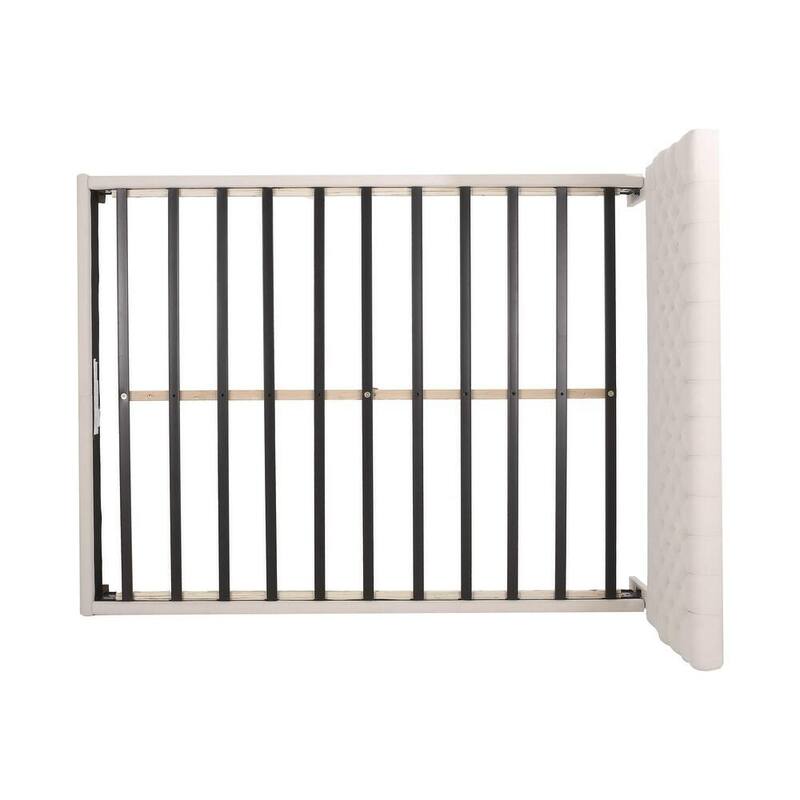 Ivory Queen Size Upholstered Platform Bed with Button-tufted Headboard for Bedroom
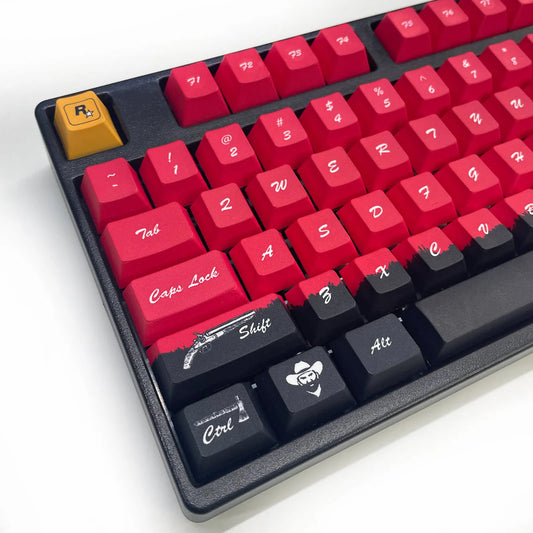 Red Dead Redemption 2 Themed Pbt Keycaps 108 Key Set for Mechanical Keyboard OEM Profile - OEM Profile Available at 2Fast2See.co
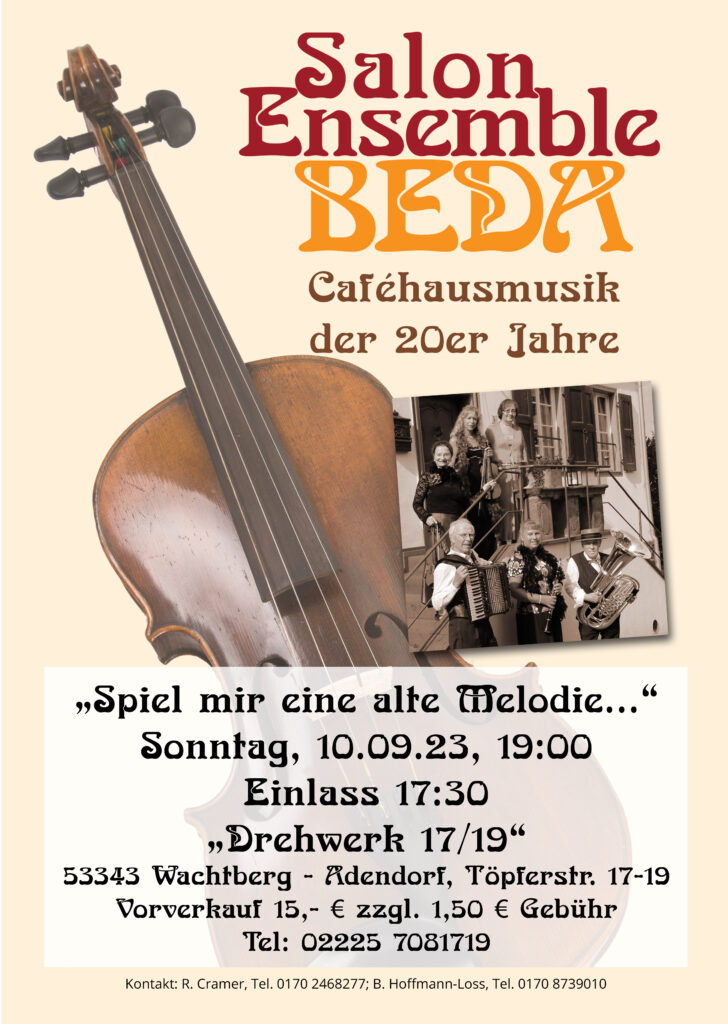 Plakat für das Konzert im "Drehwerk" in Wachtberg-Adendorf am 10. September 2023. Tickets im Vorverkauf für 15 Euro plus 1,50 Euro Gebühren. Telefon 022257081719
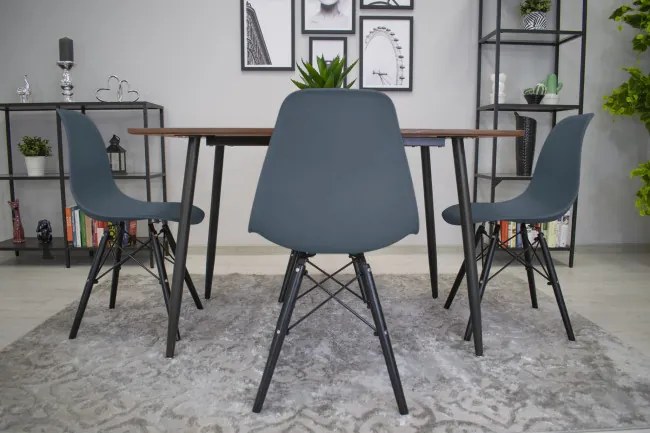 Set jedálenských stoličiek OSAKA tmavo sivé (čierne nohy) 4ks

■ ■ ■

§ Action item
Every line of the data above should be returned exactly, with the pictures removed.

§ Exercise response
 Ivory Queen Size Upholstered Platform Bed with Button-tufted Headboard for Bedroom
 Red Dead Redemption 2 Themed Pbt Keycaps 108 Key Set for Mechanical Keyboard OEM Profile - OEM Profile Available at 2Fast2See.co
 Plakat für das Konzert im "Drehwerk" in Wachtberg-Adendorf am 10. September 2023. Tickets im Vorverkauf für 15 Euro plus 1,50 Euro Gebühren. Telefon 022257081719
 Set jedálenských stoličiek OSAKA tmavo sivé (čierne nohy) 4ks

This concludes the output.